Wednesday, May 7, 2008

D vs R

Today the Congress debates a proposal, introduced by Barney Frank, D-Mass, to let FHA insure new loans to cover lenders willing to reduce the mortgage principal for homeowners in crisis. The proposal is designed to gain bipartisan support, including elements, such as additional tax-free municipal bonds, supported by the Bush administration.

Republicans who oppose the proposal have largely argued that it covers not only innocent victims of deceptive lending practices but also speculators and get-rich-quick schemers who fully realized the risks they were taking in mortgaging new property.

Here's my point.

The proposal is one more illustration of the fundamental difference between America's chief political parties.

Democrats see problems in the system and seek systemic solutions for them. Such wide-ranging solutions can and often do benefit "unworthy" individuals, while more generally trying to straighten out a messed-up system.

Republicans oppose these measures by identifying the cheats who may profit from them. This morning on NPR a Republican congressman, whose name I missed, expressed a desire to solve the challenges faced by "innocent" homeowners, but only with the implementation of a process by which the worthy can be segregated from the unworthy.
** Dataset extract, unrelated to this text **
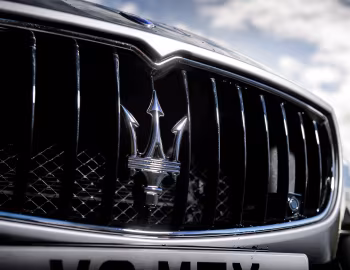 Logo Maserati Quattroporte S [UK-spec] (M156) '2013–16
Such caution is ultimately stultifying to systemic change. This is why AIDS relief was so slow in arriving: Republicans wanted to save the "innocent victims" of AIDS and only the "innocent."

Similar moral discriminations have played into Republican responses to Hurricane Katrina, immigration, and health-care reform.

The quest for the "innocent," though noble sounding, slows down needed changes in society. Can politicians effectively distinguish who does and does not deserve relief and help in times of crisis? Is the distinction even necessary?

Interestingly, Republicans tend not to have the same qualms about acts of war. Most Republicans accept that "collateral damage" is part of military conflicts. In wartime, the innocent are punished along with the guilty--sometimes in greater numbers than the guilty. Republicans state that such losses are "regrettable" but "unavoidable."

Some conservatives make a similar argument about the death penalty and the detention of "terror suspects"--injustices towards the innocent are here acceptable in the broader effort to root out and destroy the guilty.

I wonder why then Republicans can accept the suffering of the innocent to ensure the punishment of the guilty, but cannot accept that some undeserving people may prosper from proposals designed to help the deserving.

More importantly, I question the sincerity of their moral reservations about proposed remedies for social ills and wonder whether their righteous outcries--against ruthless speculators, sinners, and victims of "lifestyle" choices--are deliberate, cynical attempts to shirk their political responsibility to find effective, speedy solutions to society's problems.